Copy out exactly, from the entries that follow, the line holding "Smiry Velvet Stretch", the line holding "English Elm Corduroy", and all lines between them, but no pictures.

# Supplied records
-=-=-=-=-

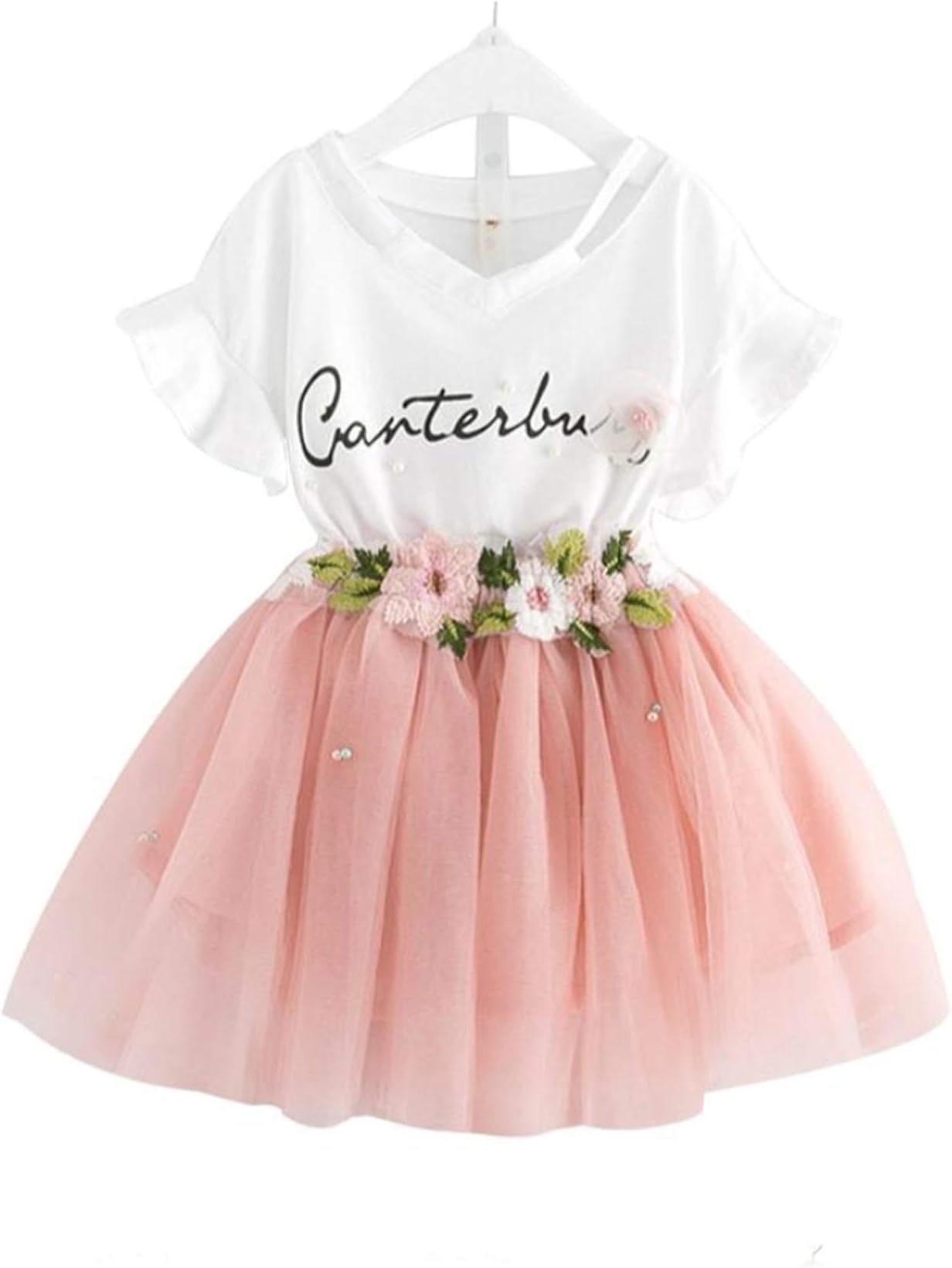 Maelie Baby Girl Butterfly Sleeve White top with Floral Tutu Skirt Set.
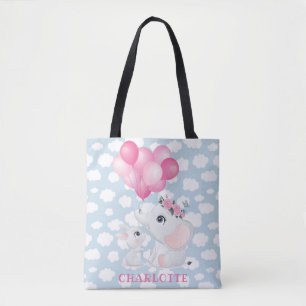 Girl Elephant und Bunny mit Blume und Ballon Tasche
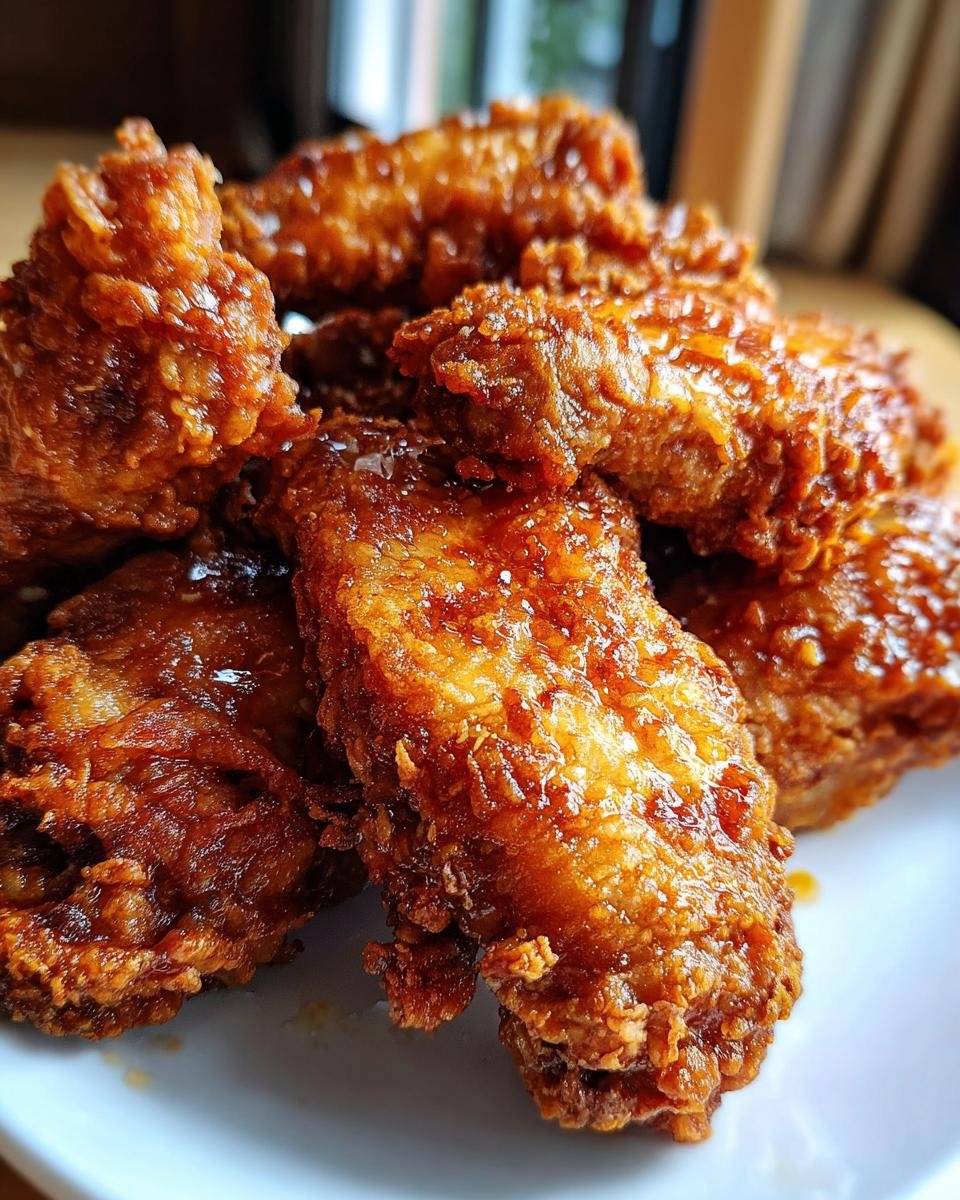 A pile of Irresistible Crispy Griddle Wings coated in a glossy sauce, showcasing their golden-brown, crunchy texture.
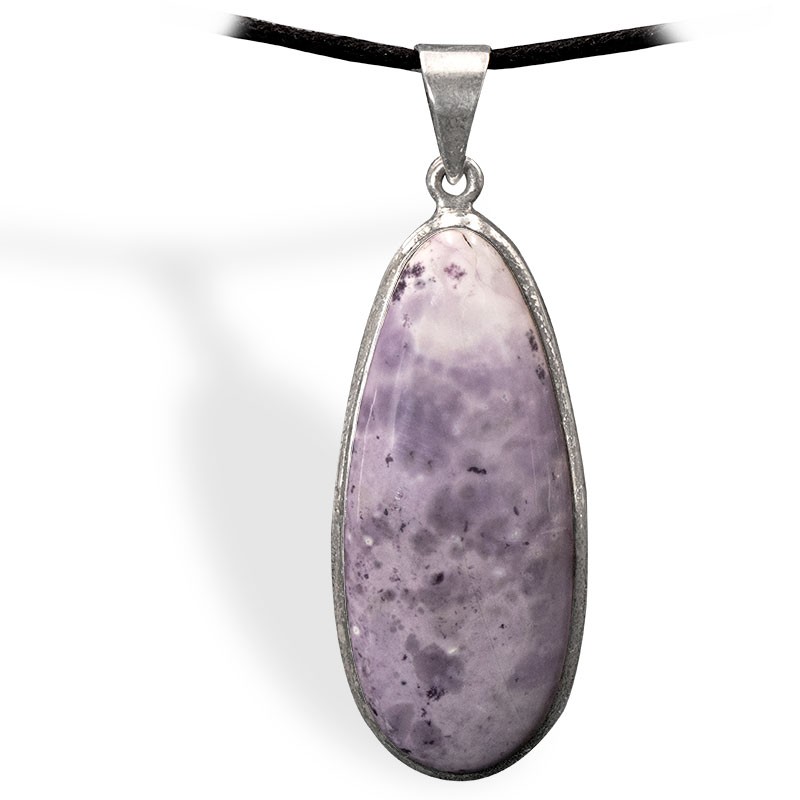 Tiffany (tiffany stone)  grand cabochon, pendentif argent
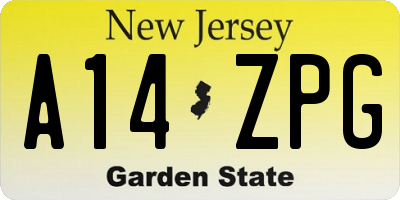 NJ license plate A14ZPG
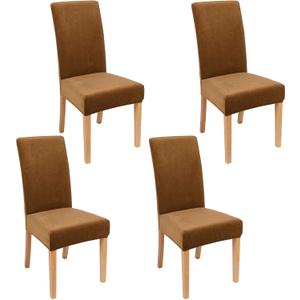Smiry Velvet Stretch Chair Covers for Dining Room Set of 4, Soft Fit Removable Washable Kitchen Parsons Chair Slipcover Protector, Camel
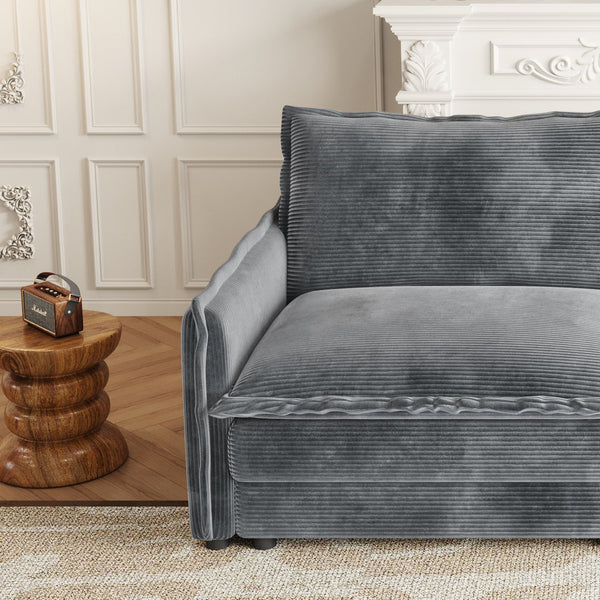 English Elm Corduroy 3-Seater Cloud Sofa With Movable Footrests - Oversized Deep-Seat Comfort For Any Room W834S00444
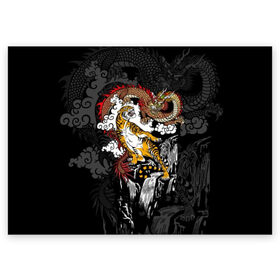 Поздравительная открытка с принтом Тигр и дракон в Санкт-Петербурге, 100% бумага | плотность бумаги 280 г/м2, матовая, на обратной стороне линовка и место для марки
 | animals | clouds | country | dragon | east | fangs | japanese | mythical | nature | predator | rising | sun | tiger | восток | восходящего | дракон | животные | клыки | мифический | облака | природа | солнца | страна | тигр | хищник | японский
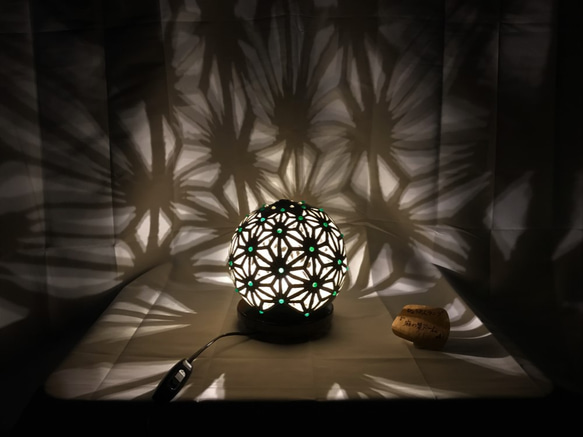 ひょうたんランプ「麻の葉ドーム7」 4枚目の画像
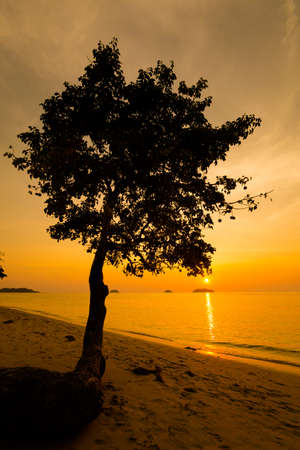 Summer sunset landscape on tropical koh Chang island  in Thailand. Seascape taken on Kai Bae beach.の写真素材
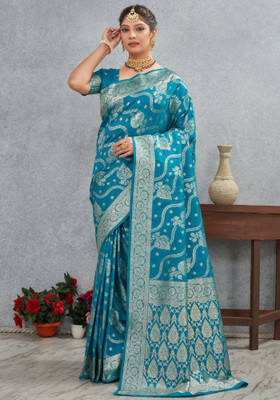 parthfabric Woven Banarasi Art Silk, Jacquard Saree(Light Blue)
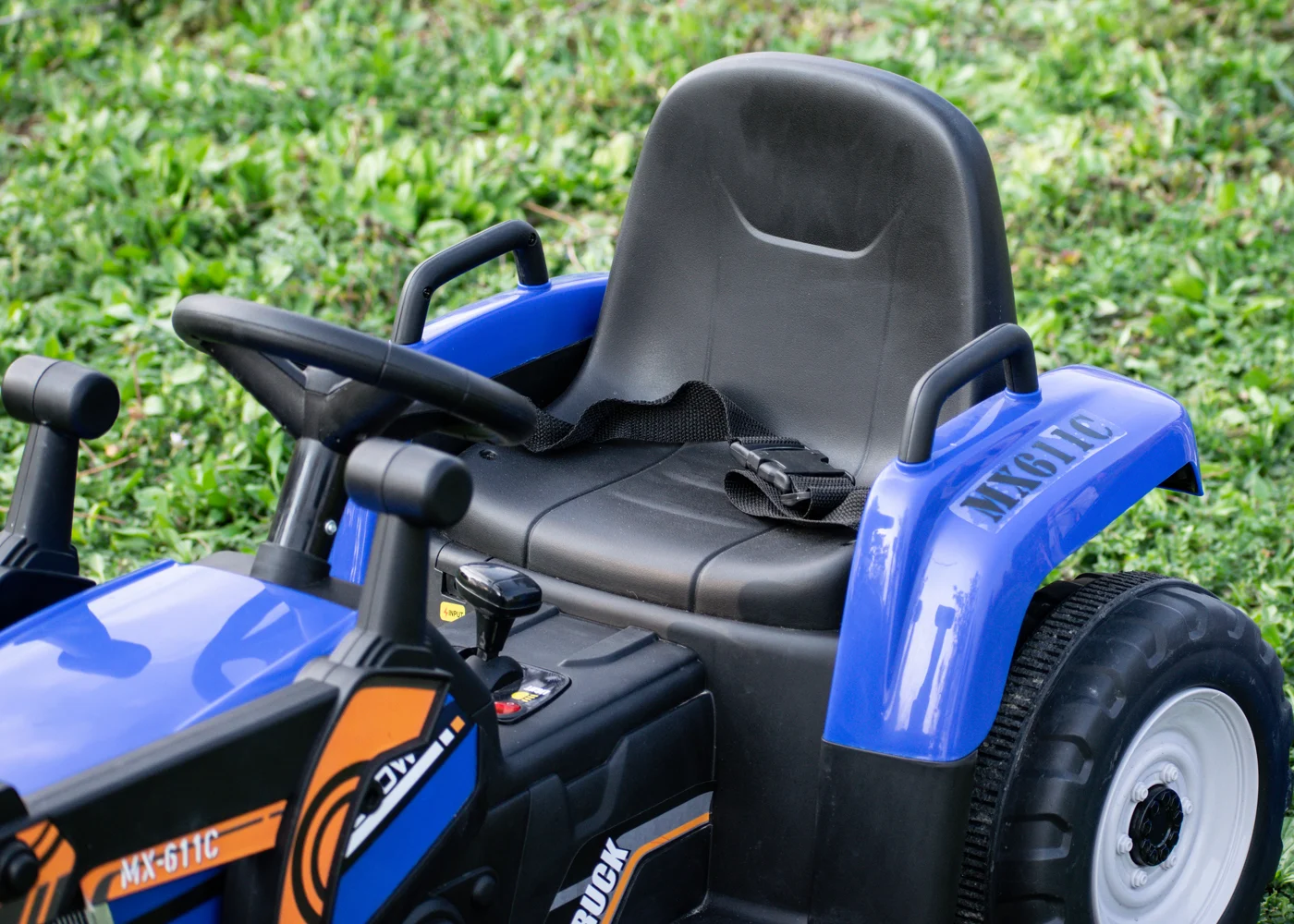 Ride-on electric excavator for children BJ611C, 60W, 12V, bluetooth, remote control included, blue [3]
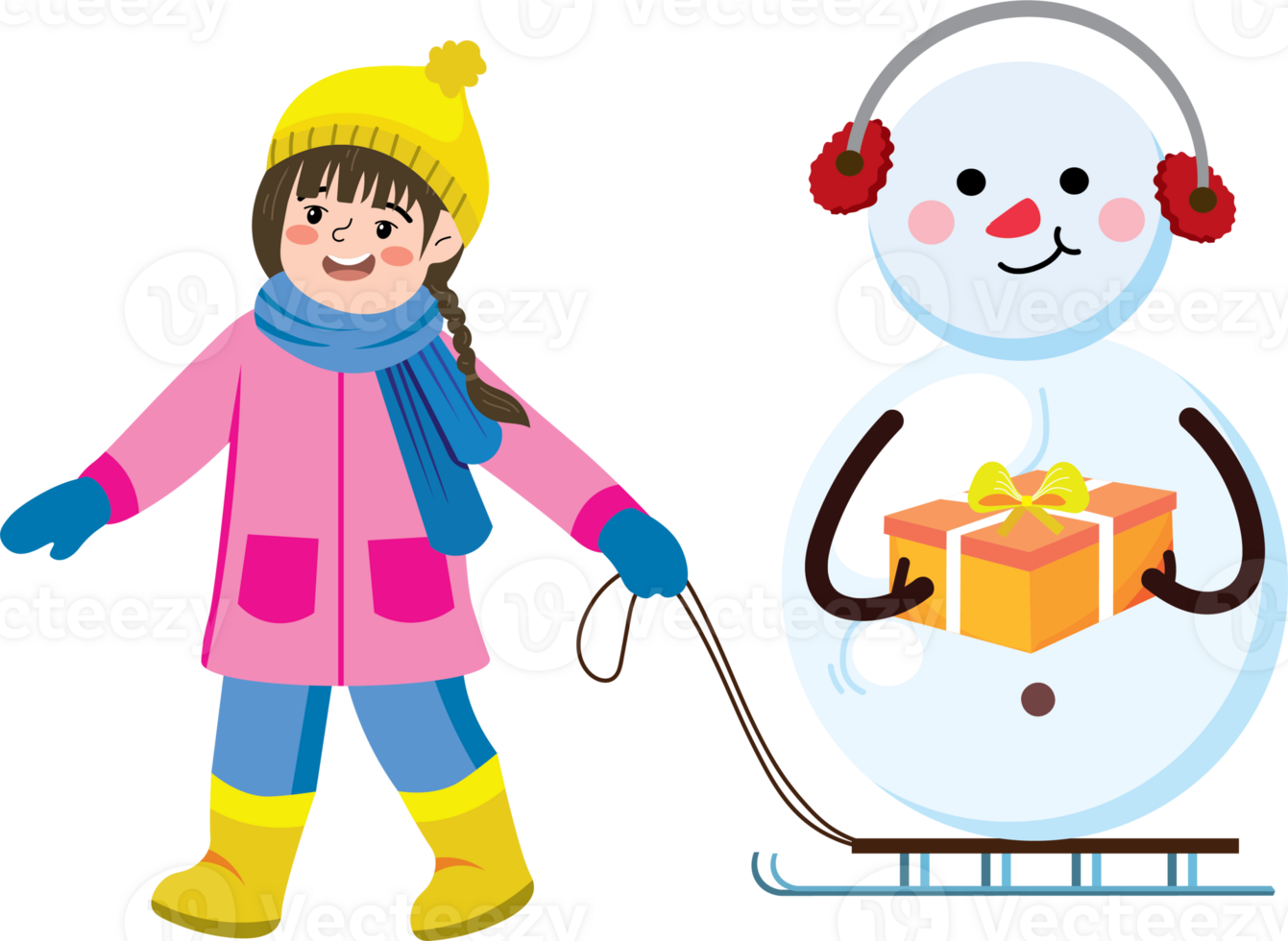 Child Pulling Snowman on Sled in Snowy Winter Holiday png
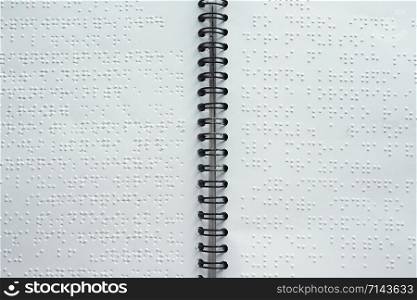 Braille font on paper. Close-up. Children&rsquo;s book.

-=-=-=-=-

# Task solution
Smiry Velvet Stretch Chair Covers for Dining Room Set of 4, Soft Fit Removable Washable Kitchen Parsons Chair Slipcover Protector, Camel
 English Elm Corduroy 3-Seater Cloud Sofa With Movable Footrests - Oversized Deep-Seat Comfort For Any Room W834S00444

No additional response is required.